Gretchen McDaniel orders and cares for water garden plants at Edelweiss Landscapes & Nursery in Duluth, and has sold several small container water gardens.

By trial and error, McDaniel has narrowed her choice of container water garden plants to those that stay looking nice all season. She believes taro is too sensitive to temperature and wind, so she only uses it in a very protected location. Water lettuce doesn't do well in full sun, and it, too, is very temperature-sensitive. Among her favorites are dwarf papyrus, parrot's feather, hydrocotyle, creeping jenny, thalia, bog arum, arrow arum, European brookline, corkscrew and spike rush, water hyacinth, sweet flag, water canna and miniature water lilies.

The rule of thumb is one inch of fish per one gallon of water.

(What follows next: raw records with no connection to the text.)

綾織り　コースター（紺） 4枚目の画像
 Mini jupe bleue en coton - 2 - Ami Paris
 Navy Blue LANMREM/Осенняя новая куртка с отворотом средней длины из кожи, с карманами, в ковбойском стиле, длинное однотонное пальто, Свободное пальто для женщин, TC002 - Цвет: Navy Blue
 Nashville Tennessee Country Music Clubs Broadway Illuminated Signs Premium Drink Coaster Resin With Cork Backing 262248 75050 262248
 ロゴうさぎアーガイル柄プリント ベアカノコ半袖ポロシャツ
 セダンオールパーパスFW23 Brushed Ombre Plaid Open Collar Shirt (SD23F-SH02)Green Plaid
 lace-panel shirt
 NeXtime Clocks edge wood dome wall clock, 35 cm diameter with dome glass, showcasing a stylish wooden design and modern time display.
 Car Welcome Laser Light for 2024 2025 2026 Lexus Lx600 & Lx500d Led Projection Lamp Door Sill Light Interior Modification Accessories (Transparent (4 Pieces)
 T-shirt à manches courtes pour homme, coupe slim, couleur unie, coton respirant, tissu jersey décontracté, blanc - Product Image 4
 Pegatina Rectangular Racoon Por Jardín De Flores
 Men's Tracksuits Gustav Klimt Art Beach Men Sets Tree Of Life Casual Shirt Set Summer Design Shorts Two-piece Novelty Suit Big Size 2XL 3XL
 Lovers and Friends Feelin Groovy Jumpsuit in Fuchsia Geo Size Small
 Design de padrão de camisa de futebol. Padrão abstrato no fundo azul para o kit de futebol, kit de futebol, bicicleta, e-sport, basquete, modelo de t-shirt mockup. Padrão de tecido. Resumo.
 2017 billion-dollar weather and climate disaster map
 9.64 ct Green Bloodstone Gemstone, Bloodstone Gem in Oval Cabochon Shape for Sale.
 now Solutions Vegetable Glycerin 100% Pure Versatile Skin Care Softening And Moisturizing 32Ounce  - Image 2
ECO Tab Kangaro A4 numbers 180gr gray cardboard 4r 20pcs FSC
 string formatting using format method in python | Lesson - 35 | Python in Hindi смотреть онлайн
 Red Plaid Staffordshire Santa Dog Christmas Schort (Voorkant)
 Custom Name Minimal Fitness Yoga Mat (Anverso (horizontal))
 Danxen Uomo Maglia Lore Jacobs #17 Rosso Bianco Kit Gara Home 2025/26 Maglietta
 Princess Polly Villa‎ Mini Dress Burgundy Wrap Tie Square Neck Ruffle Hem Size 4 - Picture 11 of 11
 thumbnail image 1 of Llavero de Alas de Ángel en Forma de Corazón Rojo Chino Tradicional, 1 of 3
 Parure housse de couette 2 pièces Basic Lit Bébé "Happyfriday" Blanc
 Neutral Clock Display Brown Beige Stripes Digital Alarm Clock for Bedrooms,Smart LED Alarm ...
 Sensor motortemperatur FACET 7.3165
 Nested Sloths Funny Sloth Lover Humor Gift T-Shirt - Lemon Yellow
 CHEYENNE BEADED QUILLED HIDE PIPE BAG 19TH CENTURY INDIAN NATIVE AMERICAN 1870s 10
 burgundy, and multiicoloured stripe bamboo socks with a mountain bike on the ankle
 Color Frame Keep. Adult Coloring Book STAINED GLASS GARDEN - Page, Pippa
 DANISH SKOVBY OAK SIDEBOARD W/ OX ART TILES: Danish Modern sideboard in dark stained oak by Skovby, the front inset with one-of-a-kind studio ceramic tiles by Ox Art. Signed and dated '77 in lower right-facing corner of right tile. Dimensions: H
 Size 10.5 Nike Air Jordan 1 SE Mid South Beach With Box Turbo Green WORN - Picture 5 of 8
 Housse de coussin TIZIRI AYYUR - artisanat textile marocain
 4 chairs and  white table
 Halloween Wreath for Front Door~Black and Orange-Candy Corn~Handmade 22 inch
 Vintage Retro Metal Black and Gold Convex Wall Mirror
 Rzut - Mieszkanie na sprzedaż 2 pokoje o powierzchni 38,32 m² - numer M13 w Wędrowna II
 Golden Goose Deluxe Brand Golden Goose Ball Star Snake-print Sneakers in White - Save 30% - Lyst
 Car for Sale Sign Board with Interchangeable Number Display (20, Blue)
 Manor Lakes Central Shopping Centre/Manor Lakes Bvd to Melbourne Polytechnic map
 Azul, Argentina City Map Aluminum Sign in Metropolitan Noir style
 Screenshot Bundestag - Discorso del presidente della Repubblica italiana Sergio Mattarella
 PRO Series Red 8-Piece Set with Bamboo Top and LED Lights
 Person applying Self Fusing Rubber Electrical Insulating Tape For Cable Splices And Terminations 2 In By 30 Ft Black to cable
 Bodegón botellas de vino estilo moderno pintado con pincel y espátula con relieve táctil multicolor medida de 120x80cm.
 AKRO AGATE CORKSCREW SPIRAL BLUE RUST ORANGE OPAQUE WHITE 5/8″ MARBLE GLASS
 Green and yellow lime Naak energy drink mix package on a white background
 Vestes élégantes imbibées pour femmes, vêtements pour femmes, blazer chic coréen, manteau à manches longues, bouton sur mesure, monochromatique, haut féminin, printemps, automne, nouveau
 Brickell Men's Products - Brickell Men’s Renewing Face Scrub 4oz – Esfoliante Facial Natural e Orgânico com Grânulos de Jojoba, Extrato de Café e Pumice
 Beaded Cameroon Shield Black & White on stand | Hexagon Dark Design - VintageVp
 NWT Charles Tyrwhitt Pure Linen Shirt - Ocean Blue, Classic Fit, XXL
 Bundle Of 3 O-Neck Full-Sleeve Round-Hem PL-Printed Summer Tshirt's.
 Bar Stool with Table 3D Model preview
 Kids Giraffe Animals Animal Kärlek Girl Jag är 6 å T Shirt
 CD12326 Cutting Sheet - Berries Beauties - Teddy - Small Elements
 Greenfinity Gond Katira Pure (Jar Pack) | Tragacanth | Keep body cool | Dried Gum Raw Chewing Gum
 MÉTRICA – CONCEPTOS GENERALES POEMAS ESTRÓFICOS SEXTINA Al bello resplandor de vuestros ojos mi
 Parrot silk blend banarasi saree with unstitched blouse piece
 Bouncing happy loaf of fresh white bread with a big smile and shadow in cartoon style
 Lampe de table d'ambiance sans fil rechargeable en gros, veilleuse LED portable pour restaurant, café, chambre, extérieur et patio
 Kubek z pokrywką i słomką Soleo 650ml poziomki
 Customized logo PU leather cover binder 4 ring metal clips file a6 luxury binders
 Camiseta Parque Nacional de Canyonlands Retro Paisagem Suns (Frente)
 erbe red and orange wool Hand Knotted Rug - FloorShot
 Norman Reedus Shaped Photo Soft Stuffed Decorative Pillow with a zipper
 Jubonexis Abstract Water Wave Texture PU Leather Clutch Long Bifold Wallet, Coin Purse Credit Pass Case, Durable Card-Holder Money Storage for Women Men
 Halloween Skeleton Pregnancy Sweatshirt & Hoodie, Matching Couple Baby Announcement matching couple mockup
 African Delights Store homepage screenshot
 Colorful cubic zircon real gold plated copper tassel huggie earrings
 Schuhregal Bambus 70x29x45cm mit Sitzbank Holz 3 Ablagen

"If you overdo it with the fish, you're going to have too much waste in the water," McDaniel says. Using a pump and a spitter (spouting ornament) generally solves the mosquito problem in containers.

McDaniel overwinters her water garden plants in three large liners. She suspends one grow light over the tubs, and she moves a small pump and spitter from one container to another each week, and sets a timer for 14 hours a day.

"Since the winter sun isn't as strong as the summer sun, I put these tubs in my best window and still use supplemental light,'' she says. She treats papyrus and umbrella palms as houseplants in the winter.

I'm already envisioning two container water gardens next summer. One will contain a single dwarf water lily and sit on our deck. In the other, maybe I'll try a small pump and spitter to keep the water moving, and I'll grow papyrus, thalia, hydrocotyle and corkscrew rush. My gardens might not be as lush as those on Kauai, but they'll be as close to tropical as northern Minnesota can get.